A group of 40-50 people opposed to a plan by Alton Natural Gas Storage Inc. to dump brine into the Shubenacadie River packed a courtroom in Halifax yesterday afternoon.
They were there to support protesters Dale Poulette, a Mi’kmaw man who considers himself a traditional water protector, and Rachael Greenland-Smith, an environmental researcher. Both are named in a temporary injunction sought by the company.
Justice Gerald Moir will deliver an oral decision March 18 in a case where the right to own and enjoy private property clashes with aboriginal and treaty rights.
“This is at its heart a simple trespassing case,” said lawyer Robert Grant for Alton Gas. “The protesters have erected a barricade and interfered with access to private property.”

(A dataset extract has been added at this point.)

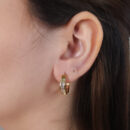 Brinco argola detalhe de pedras baguete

“There is more at stake in this case than a company’s property rights,” countered EcoJustice lawyer James Gunvaldsen Klaassen, who is representing the two protesters. “We believe Dale Poulette can rely on aboriginal and treaty rights, and this must result in the dismissal of the injunction.”
The requested injunction asks the court to order Poulette and Greenland-Smith from “interfering or attempting to interfere by means of force” with anyone entering or leaving riverside properties owned by Alton Gas near Fort Ellis. The company bought the property in 2008, and later this year, plans to hollow out two underground salt caverns to store natural gas. It would then flush out brine from the excavation into the Shubenacadie River about 12 kilometres from the site.
Alton lawyer Robert Grant told the court a power failure this past January damaged equipment in the area of the pipes and pumphouse beside the river. Grant referenced an email from Nova Scotia Power indicating it won’t send a crew to restore electricity until Alton can guarantee safe and reliable access to the site.
The injunction is the result of years of tension and mistrust that started with an environmental concern and led to protest and occupation. Alton’s lawyer argued that Dale Poulette has occupied a straw bale hut constructed on or near the access road to the river for at least 18 months. During that time, Grant detailed eight to 10 instances where Poulette has “behaved erratically, swore, made threatening statements, or aggressively confronted” Alton Gas manager Rob Turner when Turner visited the property. Turner says Poulette once pushed his chest into him to block him from proceeding. On two other occasions, Grant said the Mi’kmaw protester told Turner “he would need to get a court injunction to get in here.”
In an interview outside the court, Dale Poulette didn’t deny he may have intimidated Turner but claimed Turner had once used physical force to intimidate him. No charges resulted. Poulette also contends what he calls the “truck house” located inside a locked gate on company property is not blocking access to the pipes and equipment by the river. The straw bale structure went up in the fall of 2016 to raise public awareness of growing opposition to the gas storage project by some members of the neighbouring Sipekne’katik First Nation (Indian Brook) and other concerned citizens. More recently, social justice advocate Dorene Bernard has involved a women’s group called the Grassroots Grandmothers Circle who say its purpose and duty are to protect the water.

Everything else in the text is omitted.